Sou um ouvinte absolutamente eclético. Às vezes quero ouvir um Jimi Hendrix, outra hora quero ouvir Noel Rosa, Amália Rodrigues, Jeneci ou James Brown. Não acompanho muito o pop ou o rock internacional de hoje. Acabo ouvindo poucas coisas. Mas sou muito curioso com a música produzida no Brasil. O que esses artistas da nova geração estão produzindo, acompanho tudo: Cidadão Instigado, Leo Cavalcanti, a Tulipa Ruiz e a Karina Buhr, Jeneci e o Curumin, que tocam comigo… E eu acabo sendo instigado também pelo próprio contato com esses músicos.

Tem muita gente de outras gerações fazendo música com esse pessoal da chamada “nova música brasileira”. Seria a busca por um novo respiro na carreira?

Não tem esse planejamento. Os encontros vão acontecendo com muita naturalidade. Em grande parte, porque vários músicos dessa nova geração tocam comigo, na minha banda, ou acabam gravando comigo ou virando parceiros. O Grêmio Recreativo foi um articulador desse encontro de músicos de diferentes gerações. O projeto realmente serviu pra me aproximar de muita gente, não só das novas gerações mas das anteriores a minha também. Esse disco mesmo: tem uma parceria que junta a Céu, que é mais nova que eu, e o Hyldon, que é mais velho. São três gerações compondo uma música. Acho que quando há uma afinidade, os encontros e a música acabam acontecendo de maneira muito espontânea.

Em Disco, há uma canção (“Dizem”) que afirma que o todo mundo quer é paz. E você, quer o que?

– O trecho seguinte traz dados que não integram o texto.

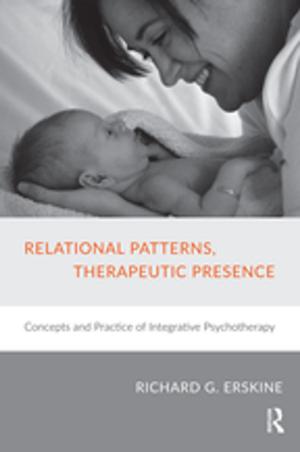 Cover of the book Relational Patterns, Therapeutic Presence by Paul G. Haskell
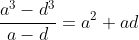 \frac{a^3-d^3}{a-d}=a^2+ad~+d^2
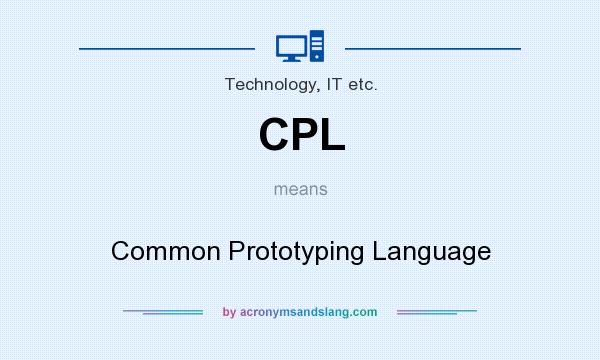 What does CPL mean? It stands for Common Prototyping Language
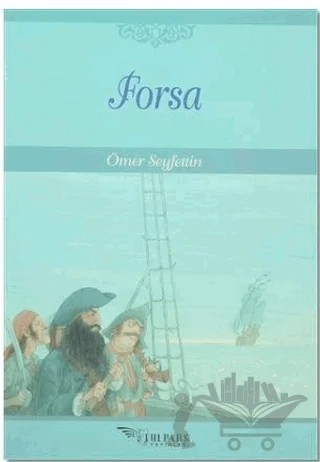 Forsa – Ömer Seyfettin – Tulpars Yayınevi kitap kapağı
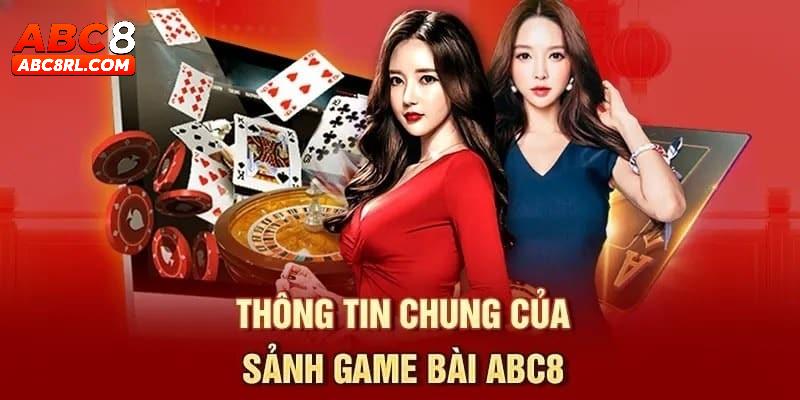 Vài điều giới thiệu về sảnh game bài ABC8 đỉnh cao Vài điều giới thiệu về sảnh game bài ABC8 đỉnh cao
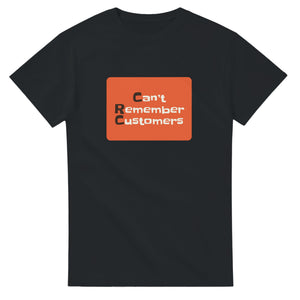 Can’t Remember Customers — black unisex t-shirt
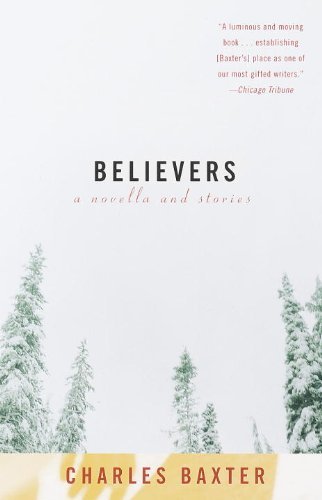 Cover for Charles Baxter · Believers: a Novella and Stories (Paperback Book) (1998)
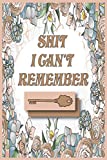 Shit I C'ant Remember: Password Logbook, for Forgetful Humain, Easy, Keeper, Funny for Women, Reminder Book Large Print, Protect Username, Keeper, Bill, Keeping Organizer, Privite Information/Gift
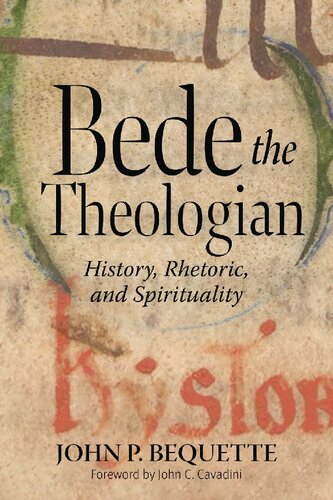 Bede the Theologian: History, Rhetoric, and Spirituality
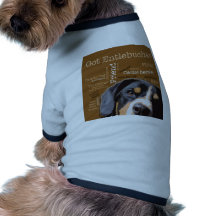 Got Entlebucher? Dog T-shirt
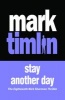 Stay Another Day (Paperback) - Mark Timlin Photo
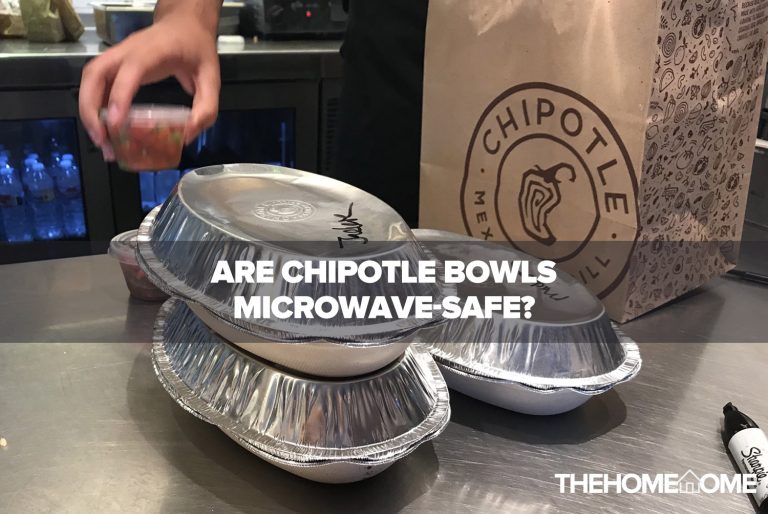 Are Chipotle Bowls Microwave-Safe?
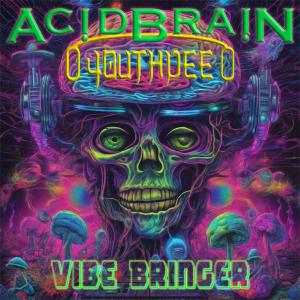 收聽Acidbrain的Vibe Bringer (feat. Youthdee)歌詞歌曲
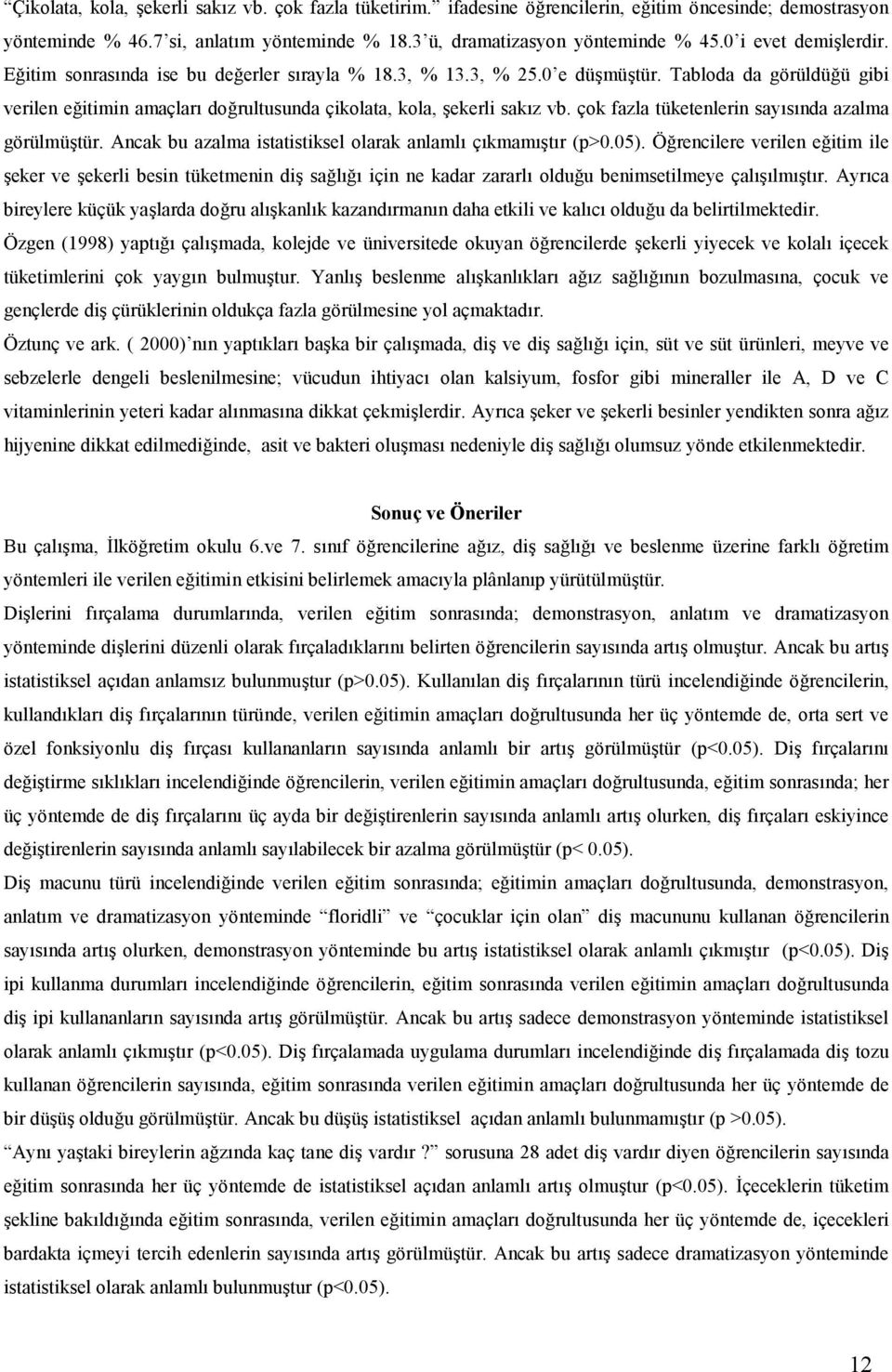 çok fazla tüketenlerin saysnda azalma görülmütür. Ancak bu azalma istatistiksel olarak anlaml çkmamtr (p>0.05).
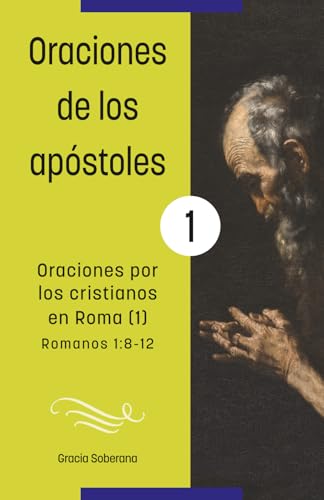 Oraciones de los apóstoles. Oraciones por los cristianos en Roma [1] (Romanos 1: 8 12)   Volumen 1  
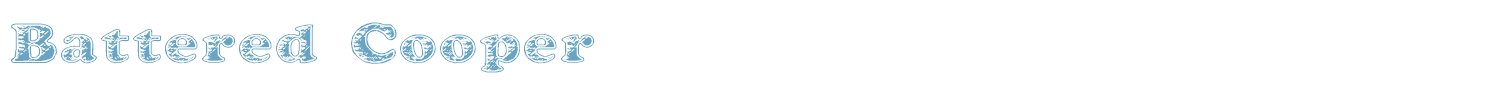 sample Battered Cooper font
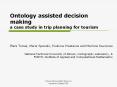Ontology assisted decision making a case study in trip planning for tourism PowerPoint PPT Presentation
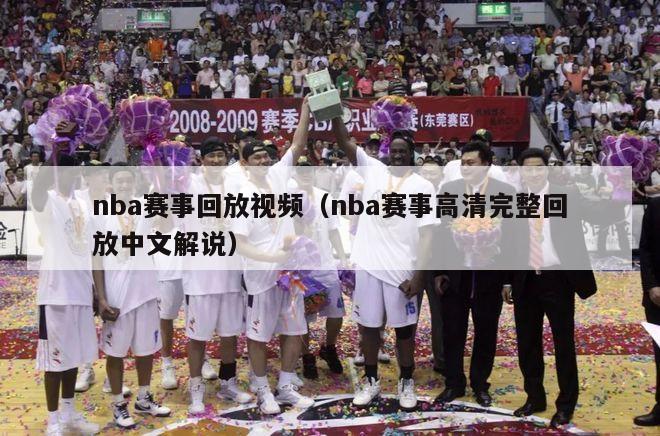 nba赛事回放视频（nba赛事高清完整回放中文解说）-第1张图片-足球直播_足球免费在线高清直播_足球视频在线观看无插件-24直播网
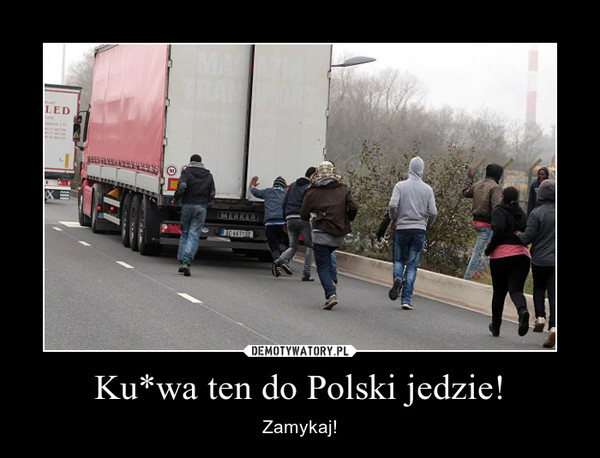 Ku*wa ten do Polski jedzie! – Zamykaj! 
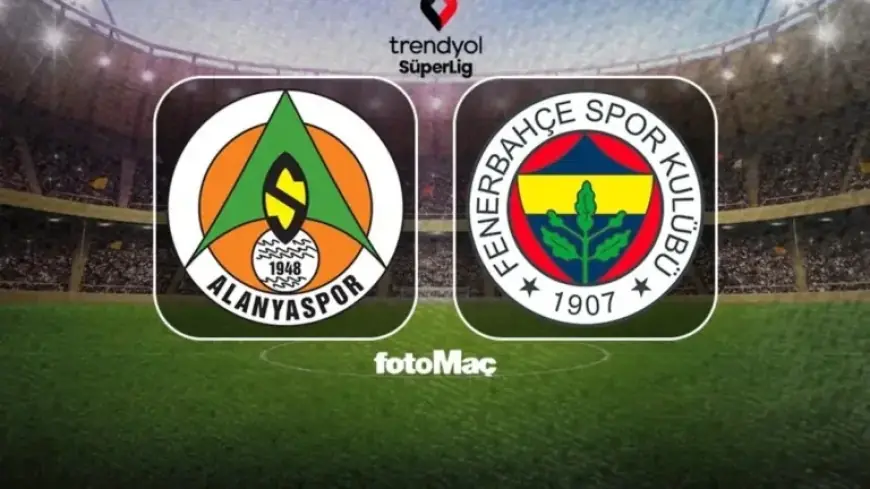 Watch Alanyaspor vs Fenerbahçe Live: Match Time and Date Details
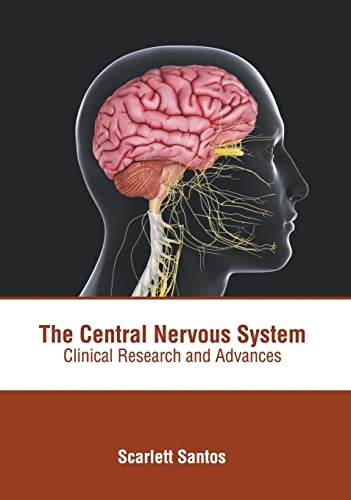 THE CENTRAL NERVOUS SYSTEM: CLINICAL RESEARCH AND ADVANCES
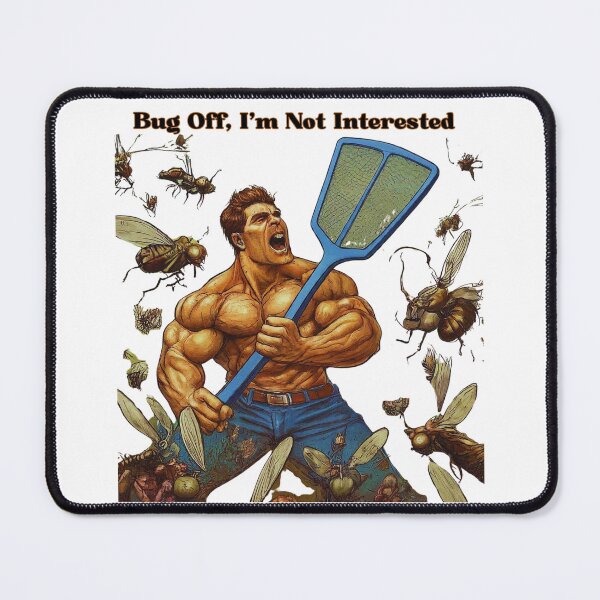 Item preview, Bug off, I'm not Interested designed and sold by FitEnvy.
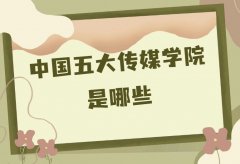 中国最好的五大传媒学院是哪些?全国最好的传媒大学推荐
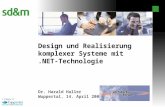 Design und Realisierung komplexer Systeme mit.NET-Technologie Dr. Harald Haller Wuppertal, 14. April 2005 A Company of.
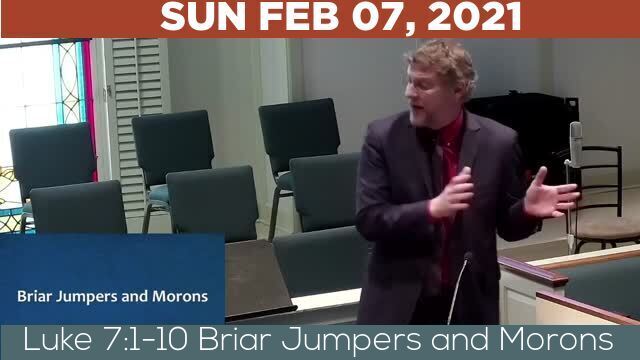 02/07/2021 Video recording of Luke 7:1-10 Briar Jumpers and Morons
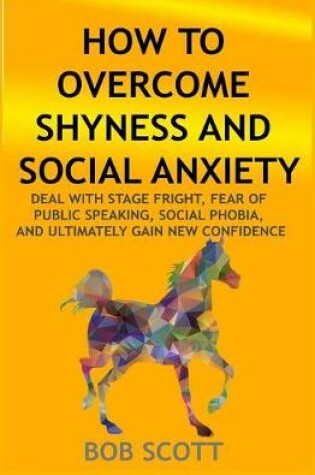 Cover of How to Overcome Shyness and Social Anxiety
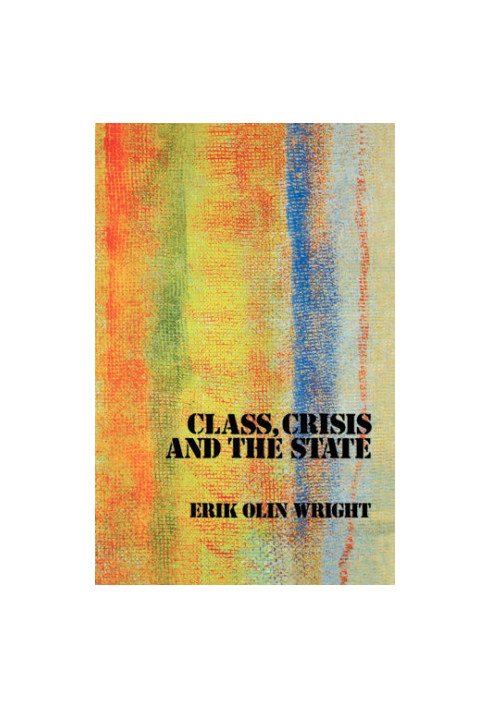 Class, Crisis and the State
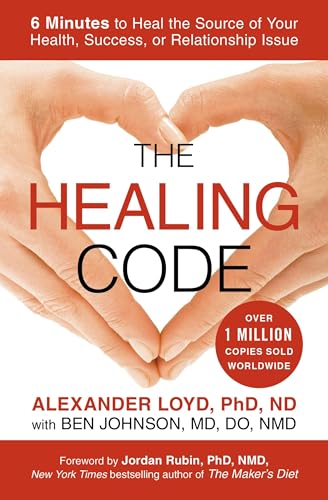 Beispielbild fr The Healing Code: 6 Minutes to Heal the Source of Your Health, Success, or Relationship Issue zum Verkauf von Ergodebooks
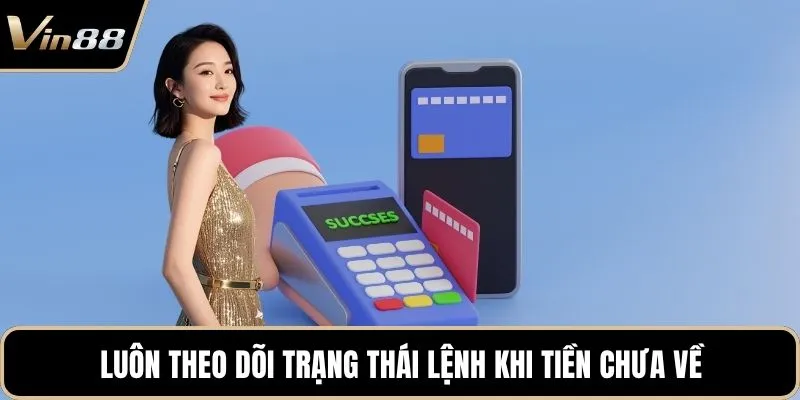 Luôn theo dõi trạng thái lệnh khi tiền chưa về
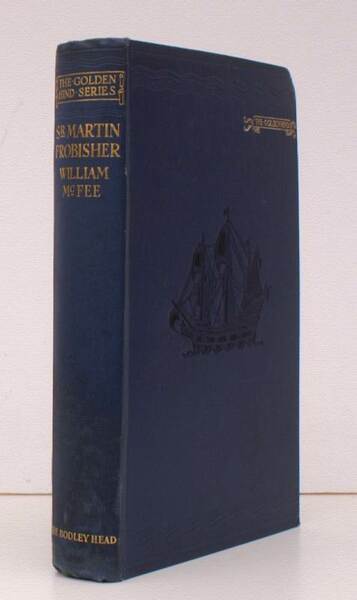 Sir Martin Frobisher. BRIGHT, CRISP COPY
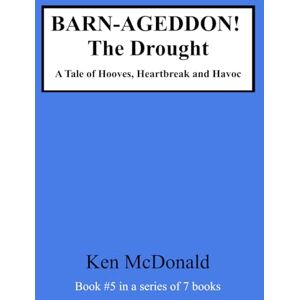 McDonald, Ken BARN-AGEDDON! The Drought: A Tale of Hooves, Heartbreak and Havoc (BARN-AGEDDON! The Series) McDonald, Ken BARN-AGEDDON! The Drought: A Tale of Hooves, Heartbreak and Havoc (BARN-AGEDDON! The Series)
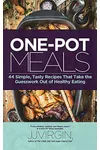 One-Pot Meals: 44 Simple, Tasty Recipes That Take the Guesswork Out of Healthy Eating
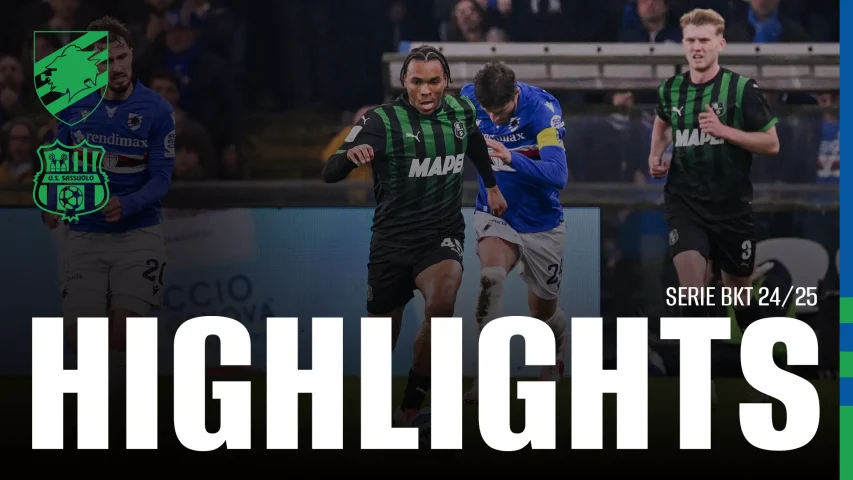 Serie BKT 24/25 | Sampdoria-Sassuolo 0-0 | Highlights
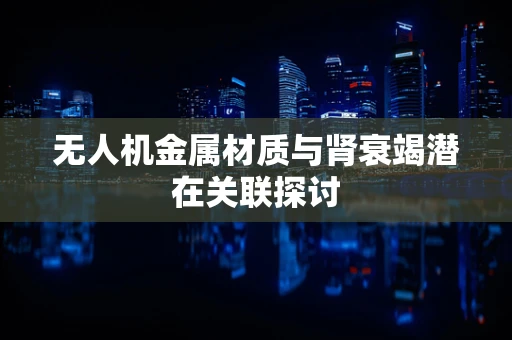 无人机金属材质与肾衰竭潜在关联探讨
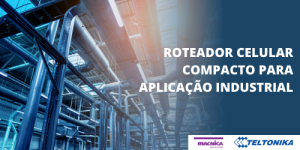 Read more about the article Roteador robusto para aplicações industriais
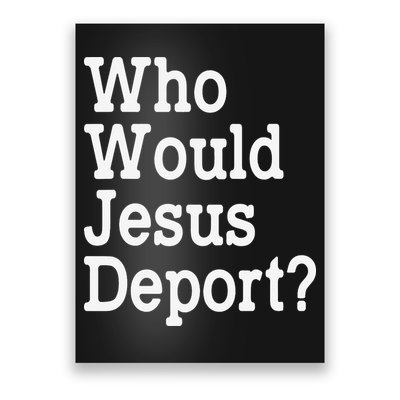 Who Would Jesus Deport Immigrant Rights Poster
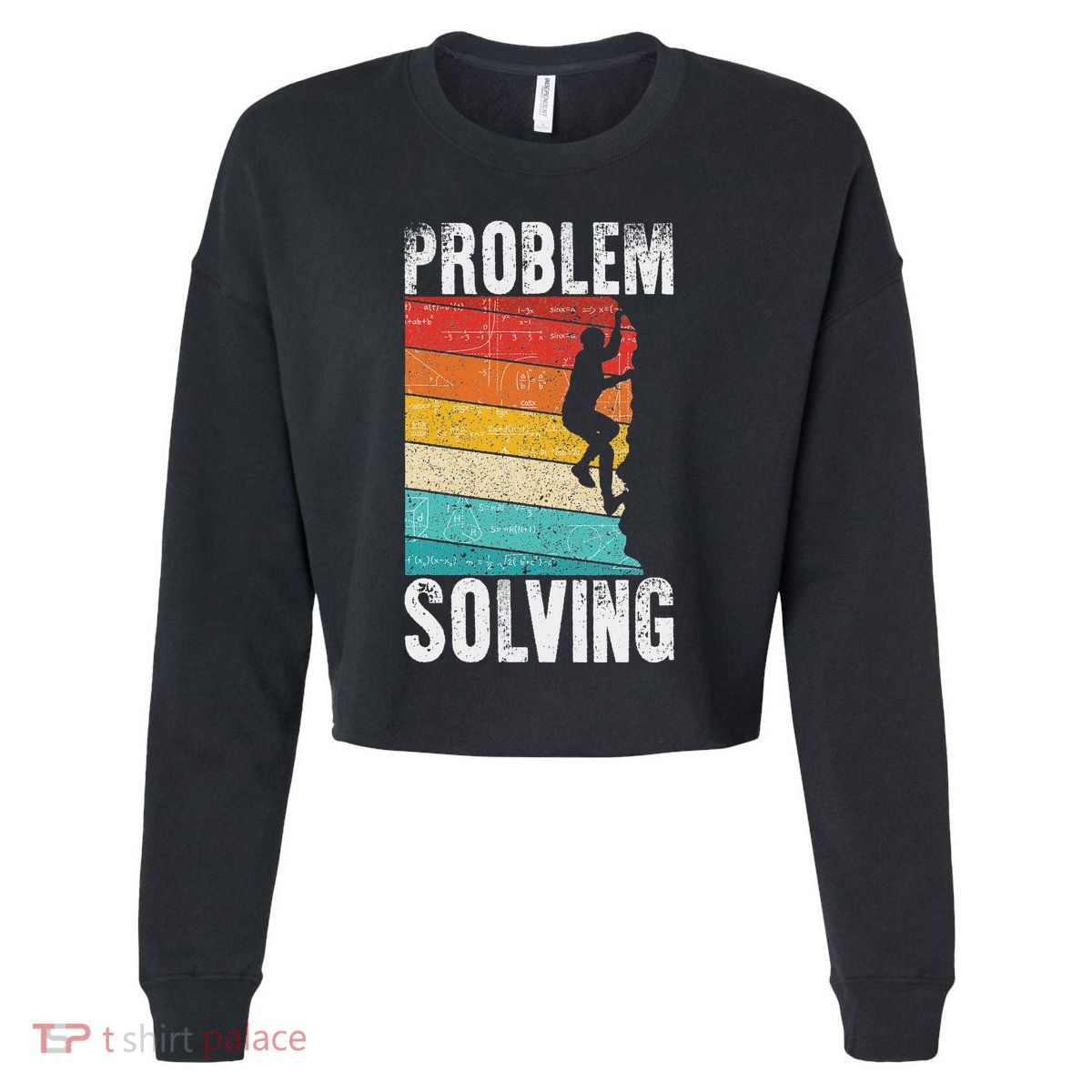 Problem Solving Climber Gift Rock Climbing & Bouldering Cropped Pullover Crew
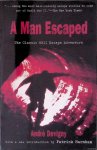 Devigny, André - A Man Escaped: The Classic WWII Escape Adventure Devigny, André - A Man Escaped: The Classic WWII Escape Adventure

Essa é uma música que está revelando esperanças e desesperanças, tudo ao mesmo tempo. Tem um pouco de desilusão ali também. Não é uma música que você possa classificar como cega para os tempos de hoje, pelo contrário. Por exemplo, quando teve a queda do muro de Berlim, no começo desse século, tinha esse pensamento otimista sobre o fim da Guerra Fria. “Novos tempos.” De repente, você vê que continua um monte de guerras pelo mundo, e aquilo dá uma insegurança brutal. É claro que eu quero um mundo melhor, mas essa é uma expectativa que muitas vezes não se mostra viável.

Você se considera um cara otimista?

Acho que sim. Eu acredito que o ser humano possa fazer um mundo melhor. Eu tenho fé.